= Bashaku =

Japanese traders from history

The bashaku (馬借, bashaku) were Japanese teamsters or cargo carriers who used horses to transport their shipments. They were chiefly active between the Heian Period and the Sengoku Period. Images of the bashaku are famously drawn on the emakimono depicting the founding of Ishiyama-dera.

During the same time period cargo carriers who used oxen instead were known as shashaku.

== Transportation methods ==
The transportation method of the bashaku was to hang the cargo from the back of their horses and then drive them to their destination. In the beginning farmers did this job during their free time on off-seasons but from the Muromachi Period and onwards it became a full-time occupation.
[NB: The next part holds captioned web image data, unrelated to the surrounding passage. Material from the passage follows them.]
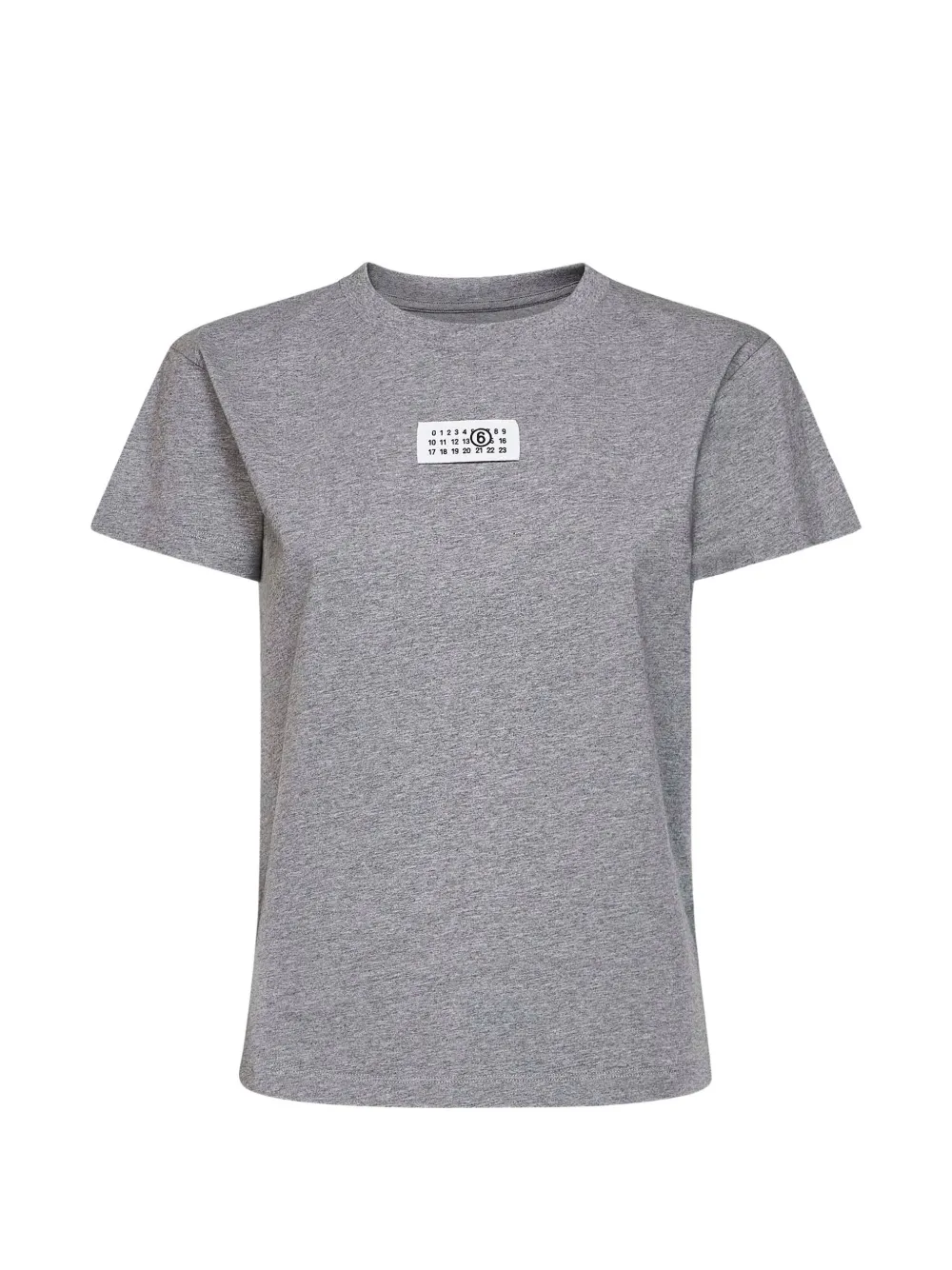 MM6 Maison Margiela logo-patch T-shirt - Grigio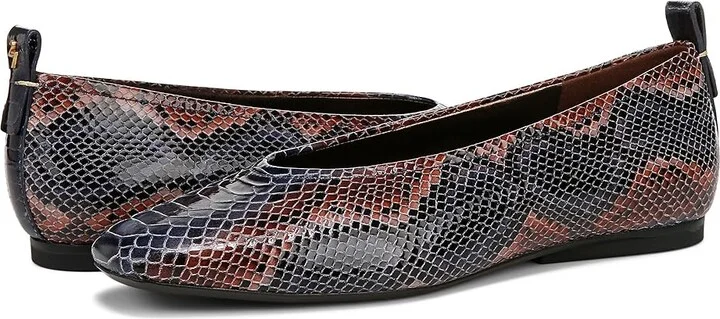 Naturalizer 27 Edit Carla Women's Flat Shoes Blue : 7 M (B), Leather/Suede - Image 5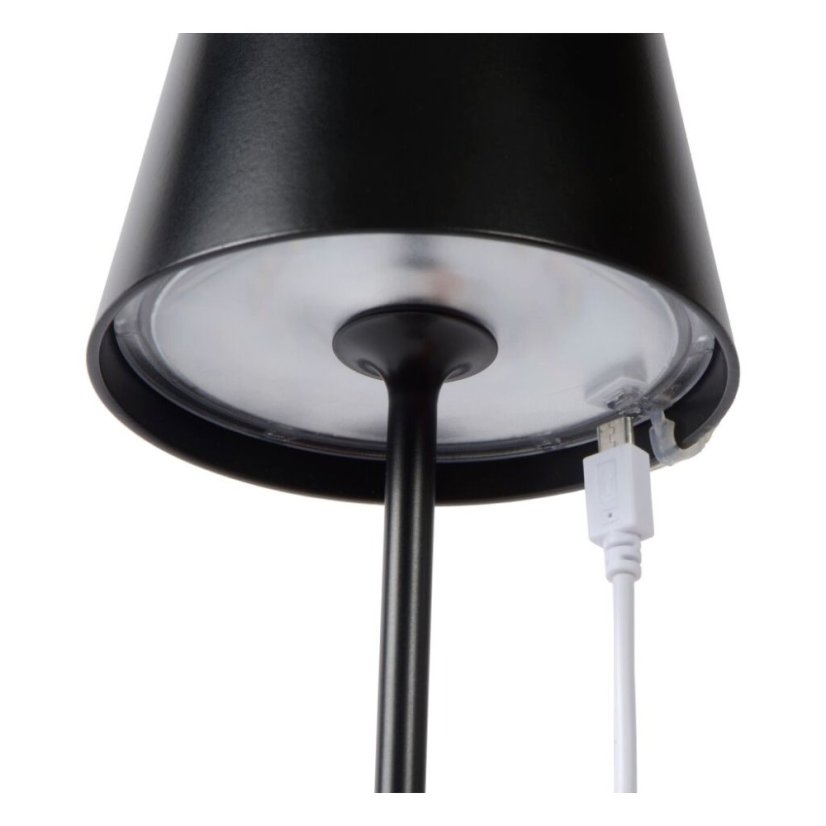 LUCIDE 27888/04/30 JUSTIN exteriérové stolní svítidlo LED 2,2W 154lm 3000K IP54 černá, stmívatelné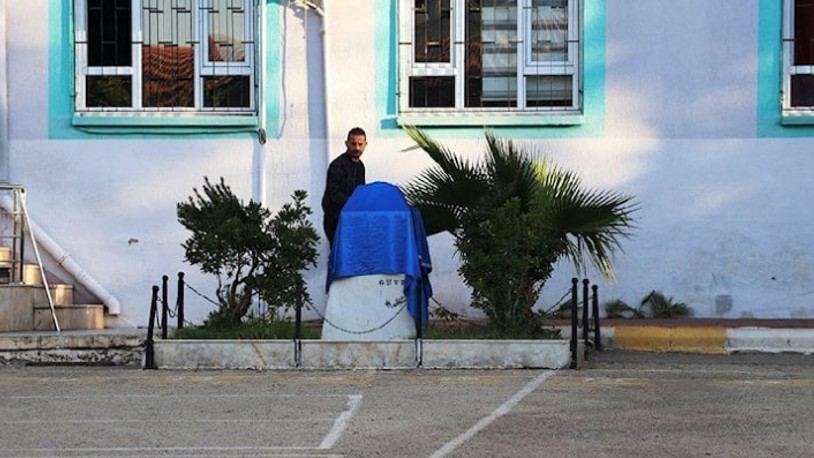 Atatürk büstüne zarar veren Tarık Bilen'in ifadesi ortaya çıktı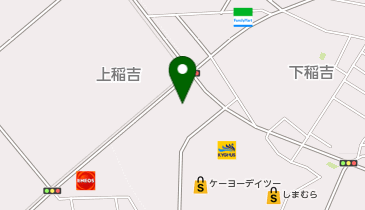 ランドリー専科千代田店の地図画像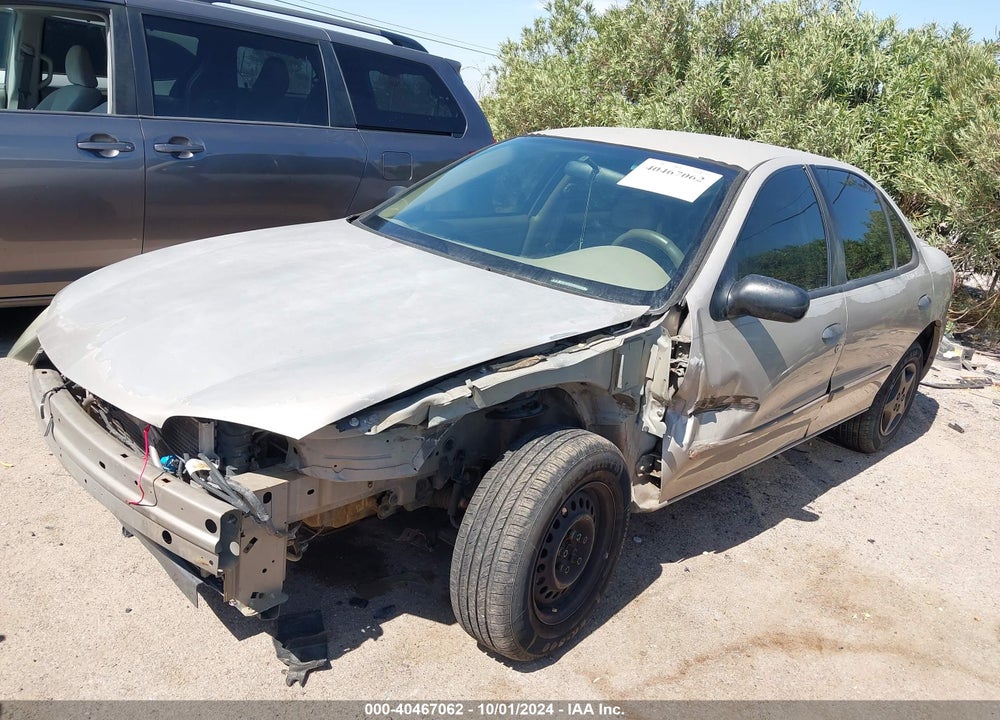 2003 CHEVROLET CAVALIER VIN: 1G1JC52F537211399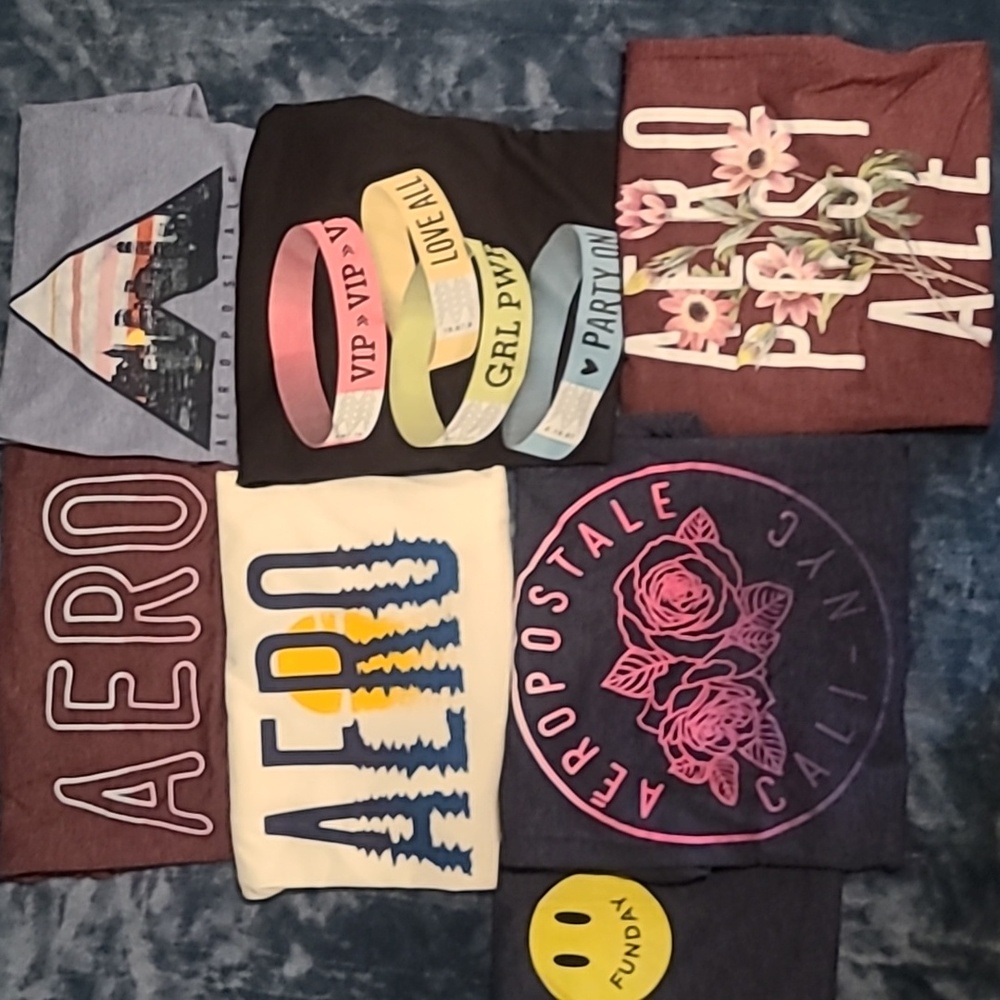 AEROPOSTALE tee bundle (7)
The bashaku lived in groups in towns along major highways and important sites of water to land traffic including Otsu, Sakamoto, and Yodo, and they carried goods brought by boat to areas where consumption was at that time high such as Kyoto and Nara.

== Uprisings ==
Because of their organizational strength and the ease with which they could get news, and eventually their employment of armed escorts due to poor public security, they also became a source of rebellions during the Muromachi Period. The most famous of these revolts are the Shocho Uprising and the Kakitsu Uprising. However, when Mount Hiei’s Enryaku-ji became the target of attacks in the latter uprising, the bashaku of Omi Province, who had received the temple's protection seceded from the rebels and the power of the bashaku split.

During the Hokke Rebellion of 1532, Enryaku-ji took the lead in suppressing the bashaku. Bashaku members blockaded checkpoints connecting to Kyoto and thus imposed an economic embargo on the city where the power of militant Nichiren Buddhists held sway.